** Supplied information follows **

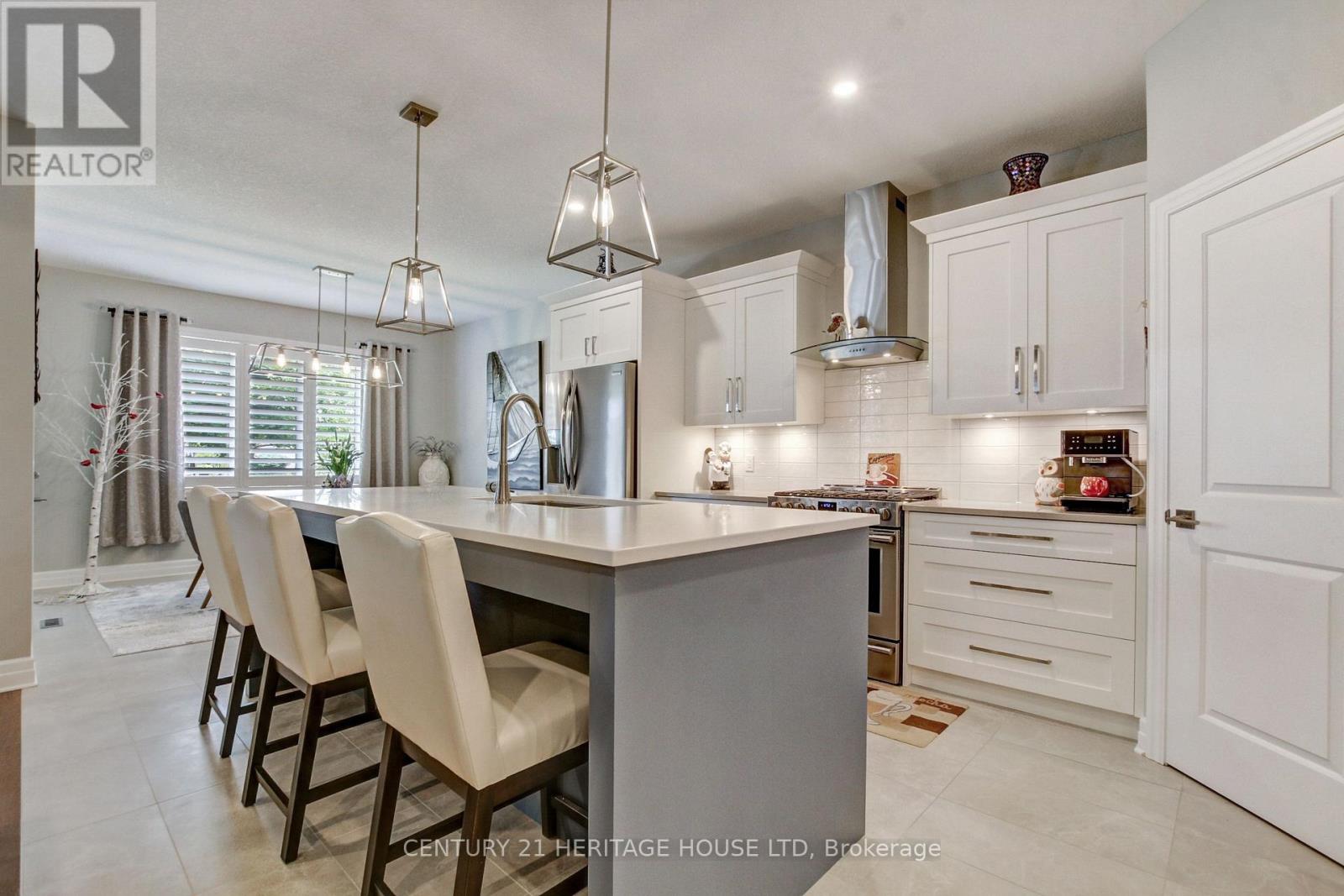 184 Kettle Creek Drive, Central Elgin, Ontario  N0L 1B0 - Photo 12 - X12225687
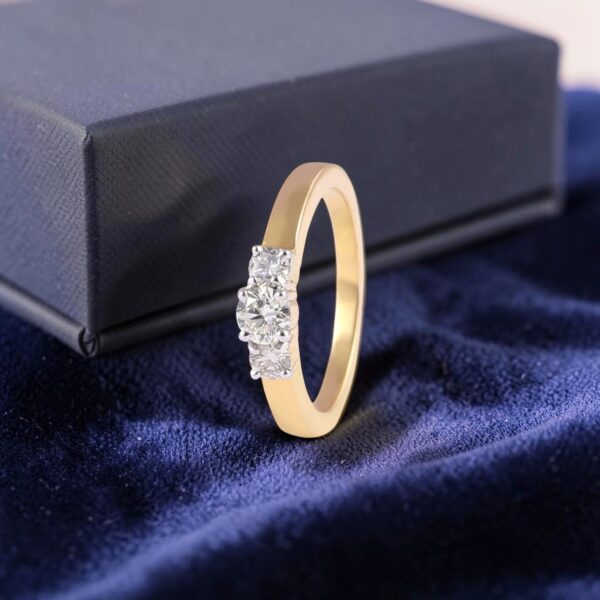 1 Cts GIA Certified Round Brilliant F/VS1 Diamonds Three-Stone Ring In 18K Gold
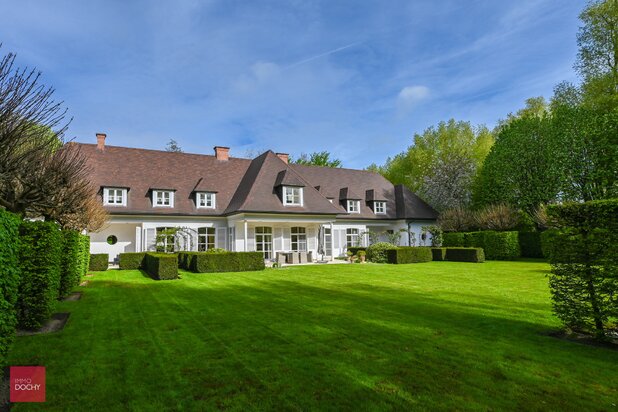 Zeer goed onderhouden ruime villa op ca. 4.000m²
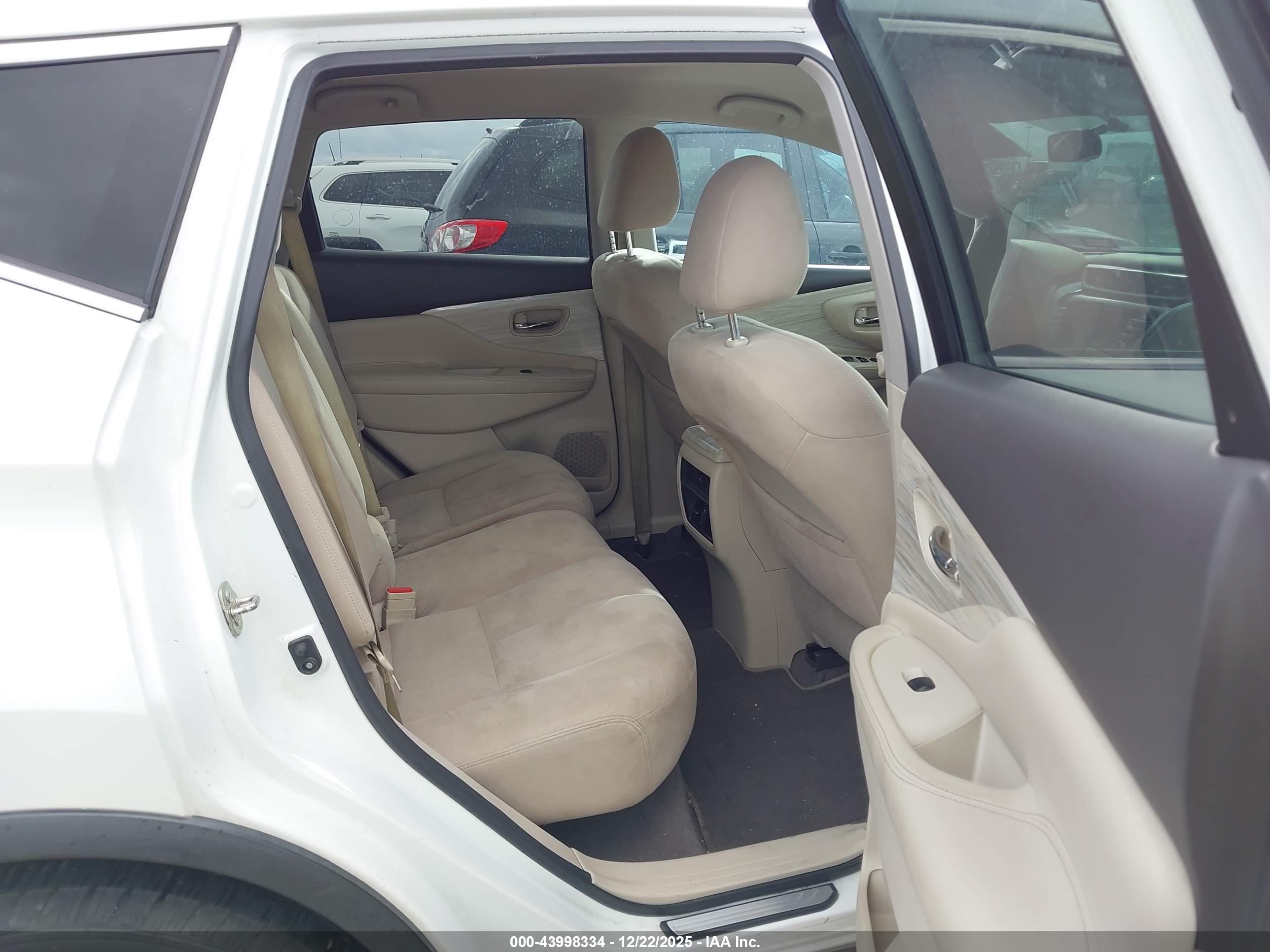 NISSAN MURANO image 8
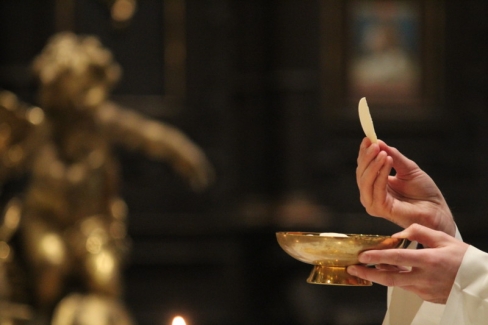 Vai drīkst atteikt Komūniju nekrietnam politiķim?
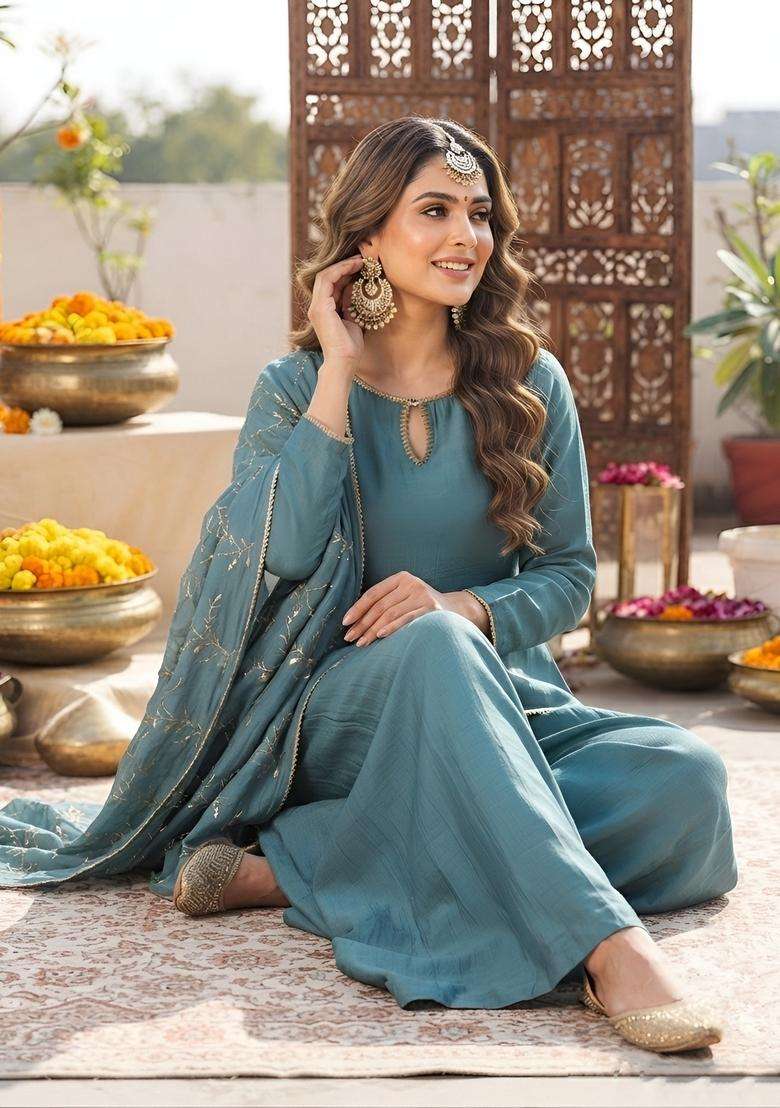 Blue Embroidery Viscose Kurta Set - Indya
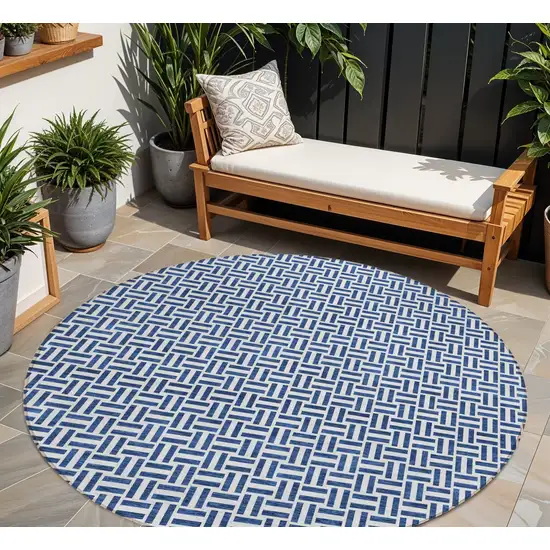 8' Navy Blue And Gray Round Geometric Washable Indoor Outdoor Area Rug Photo 1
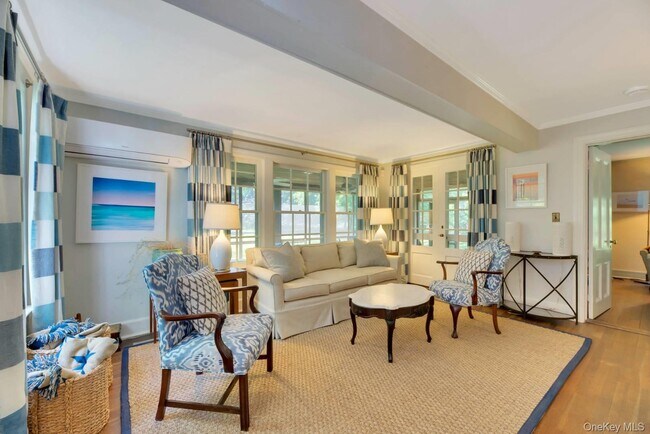 Foto del edificio - 90 Old Depot Rd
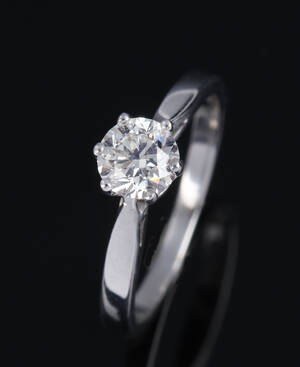 Brillant-solitairering af 18 kt. hvidguld på 0.73 ct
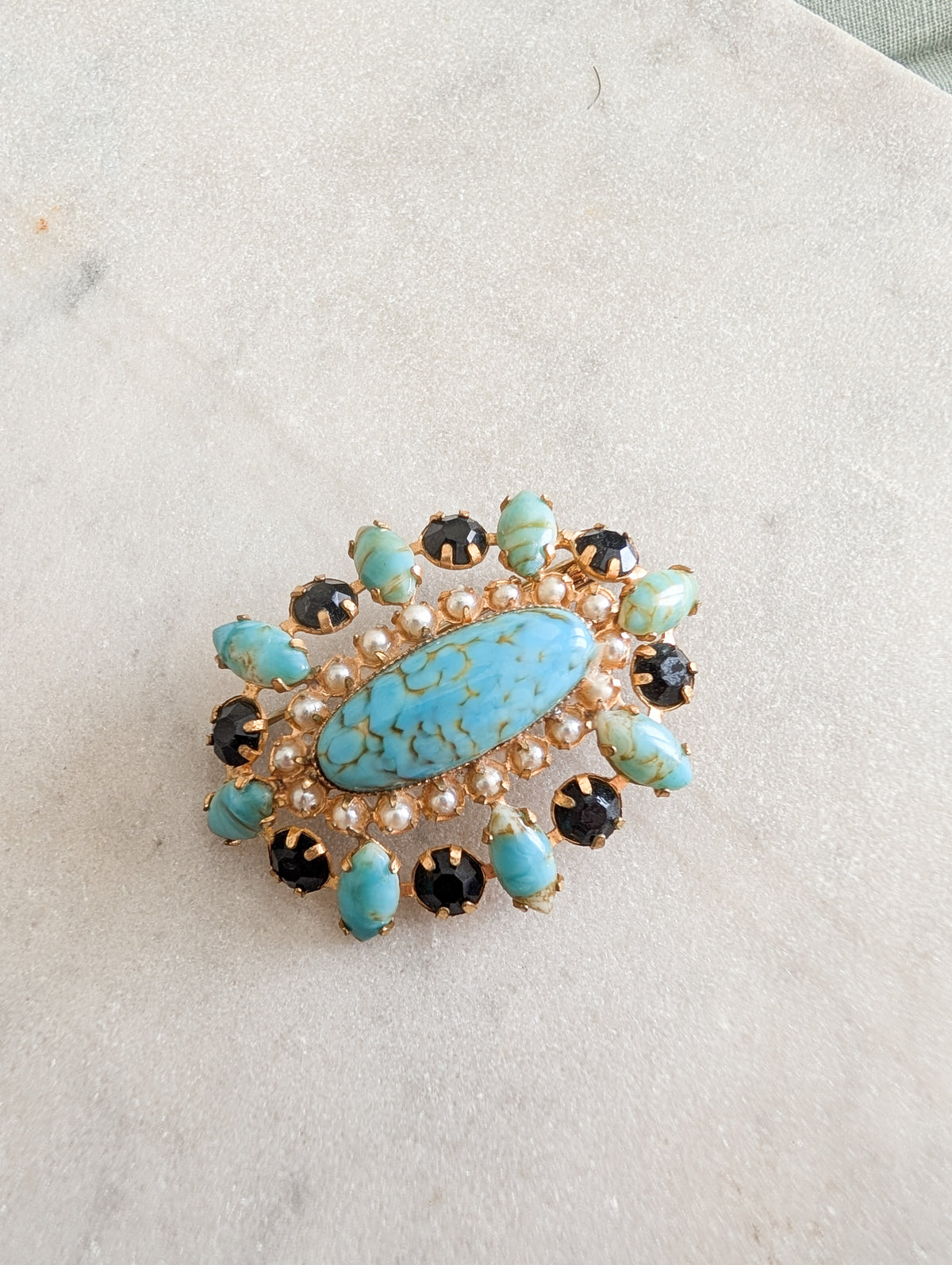 Broche en pâte de verre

** End of Supplied information **

▸ **Description of the task**
Return only the part above that opens with the line containing "1 Cts GIA Certified" and closes with the line containing "Blue Embroidery Viscose Kurta Set - Indya", exactly and with both ends, skipping the pictures.

▸ **Response box**
 1 Cts GIA Certified Round Brilliant F/VS1 Diamonds Three-Stone Ring In 18K Gold
 Zeer goed onderhouden ruime villa op ca. 4.000m²
 NISSAN MURANO image 8
 Vai drīkst atteikt Komūniju nekrietnam politiķim?
 Blue Embroidery Viscose Kurta Set - Indya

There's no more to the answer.